Quick Demo Guide

This document provides a comprehensive guide to help you quickly understand the main features of VenusFactory and perform fine-tuning, evaluation, and prediction on a demo dataset for protein solubility prediction.

1. Environment Preparation

Before starting, please ensure that you have successfully installed VenusFactory and correctly configured the corresponding environment and Python dependencies. If not yet installed, please refer to the ✈️ Requirements section in README.md for installation instructions.

2. Launch Web Interface

Enter the following command in the command line to launch the Web UI:

python src/webui.py

3. Training (Training Tab)

3.1 Select Pre-trained Model

Choose a suitable pre-trained model from the Protein Language Model dropdown. It is recommended to start with ESM2-8M, which has lower computational cost and is suitable for beginners.

3.2 Select Dataset

In the Dataset Configuration section, select the Demo_Solubility dataset (default option). Click the Preview Dataset button to preview the dataset content.

3.3 Set Task Parameters

Problem Type, Number of Labels, and Metrics options will be automatically filled when selecting a Pre-defined Dataset.
For Batch Processing Mode, it is recommended to select Batch Token Mode to avoid uneven batch processing due to high variance in protein sequence lengths.
Batch Token is recommended to be set to 4000. If you encounter CUDA memory errors, you can reduce this value accordingly.
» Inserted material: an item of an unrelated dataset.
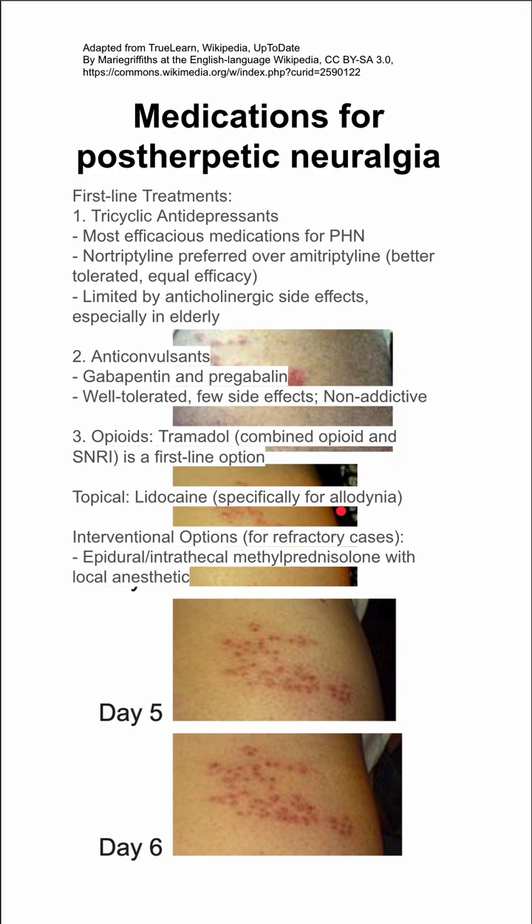There are other interventional options for refractory cases. You can do an epidural or an intrathecal dose of methylprednisolone with local anesthetic. You can also do spinal cord stimulation or alcohol neurolysis.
3.4 Choose Training Method

In the Training Parameters section:

Training Method is a key selection. This Demo dataset does not currently support the SES-Adapter method (due to lack of structural sequence information).
You can choose the Freeze method to only fine-tune the classification head, or use the LoRA method for efficient parameter fine-tuning.

3.5 Start Training

Click Preview Command to preview the command line script.
Click Start to begin training. The Web interface will display model statistics and real-time training monitoring.
After training is complete, the interface will show the model's Metrics on the test set to evaluate model performance.

4. Evaluation (Evaluation Tab)

4.1 Select Model Path

In the Model Path option, enter the path of the trained model (under the ckpt root directory). Ensure that the selected PLM and method are consistent with those used during training.
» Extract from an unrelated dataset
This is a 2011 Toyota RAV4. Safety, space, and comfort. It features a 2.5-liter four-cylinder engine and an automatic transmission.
4.2 Evaluation Dataset Loading Rules

The evaluation system will automatically load the test set of the corresponding dataset.
If the test set cannot be found, data will be loaded in the order of validation set → training set.
For custom datasets uploaded to Hugging Face:
- If only a single CSV file is uploaded, the evaluation system will automatically load that file, regardless of naming.
- If training, validation, and test sets are uploaded, please ensure accurate file naming.

4.3 Start Evaluation

Click Start Evaluation to begin the evaluation.

Example Model
This project provides a model demo_provided.pt that has already been trained on the Demo_Solubility dataset using the Freeze method, which can be used directly for evaluation.

5. Prediction (Prediction Tab)

5.1 Single Sequence Prediction

Enter a single amino acid sequence to directly predict its solubility.

5.2 Batch Prediction

By uploading a CSV file, you can predict the solubility of proteins in batch and download the results (in CSV format).

6. Download (Download Tab)

For detailed instructions and examples regarding the Download Tab, please refer to the Download section in the Manual Tab.